Other visitors were the French tourists in the camper van.

Mungo Brush Walk is a simple pleasure.
A grey strangler fig is visible, above, in an early stage of growth.

MUNGO BRUSH seems to be a small area of littoral rainforest between the sea and the lake. The canopy is quite low with relatively few species of plants such as strangler figs, vines, mosses and ferns that have adapted to the harse, salt ladened winds off the ocean.
The rocky hill, Mungo Brush, was one of the off-shore islands once before geological change set in. The waters have risen and fallen and big sand dunes have also formed far and wide disguised under the vegetation.
Sand mining for minerals was undertaken relatively close by and concern led to action to curtail mining activity and preserve and extend the domain of the park. The Worimi people occupied the lands living a fisher-hunter-gather lifestyle. Middens and other evidence of their occupation has been found.

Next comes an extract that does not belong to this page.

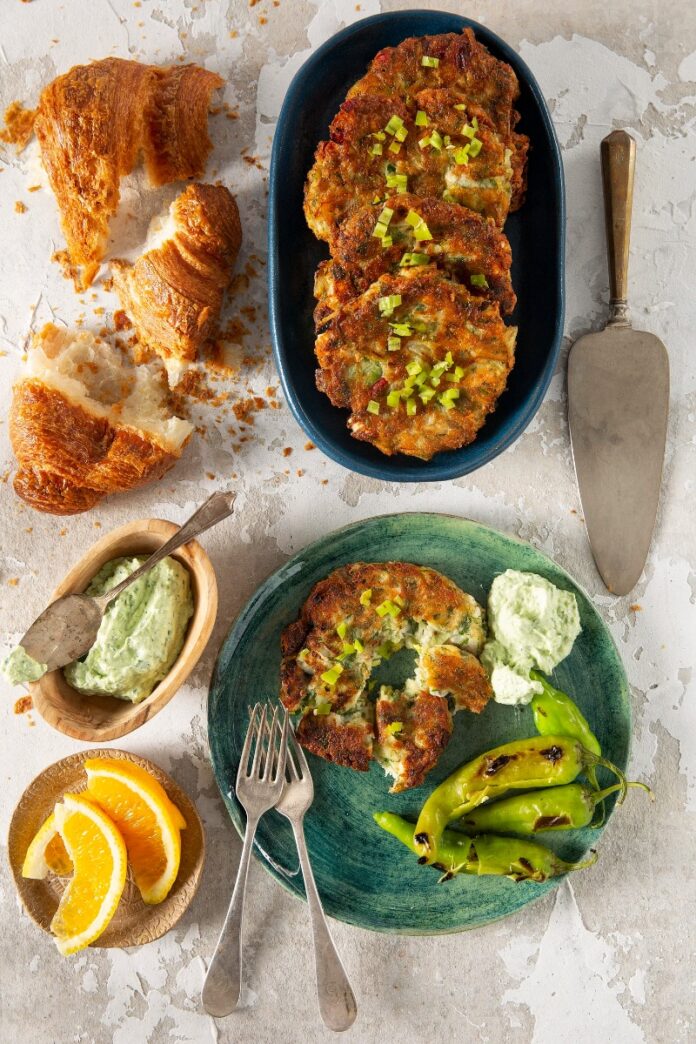 Mediterra Kohlrabi Fritters A platter of golden brown kohlrabi and leek fritters, with a bowl of yogurt sauce, and a croissant.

The path through Mungo Brush is cool.

From the easterly shores.
A short distance to the north, a very narrow point in the lake has a vehicular ferry crossing with a tow line.
Crossing the water leads to Myall Resort and water activities, more popular in warmer weather.

Myall Shores Resort has cabins, caravans, camping and restaurant and grew from the legendary Leggs Camp.

Return north-west by the circular route on a gravel road follows the Myall River to Bulahdelah where house boats can be hired for a jaunt around the lakes. Navigating the narrow but tranquil river to the lakes would mean all hands on deck and advice and assistance is only a phone call away for the seafarer adventurer.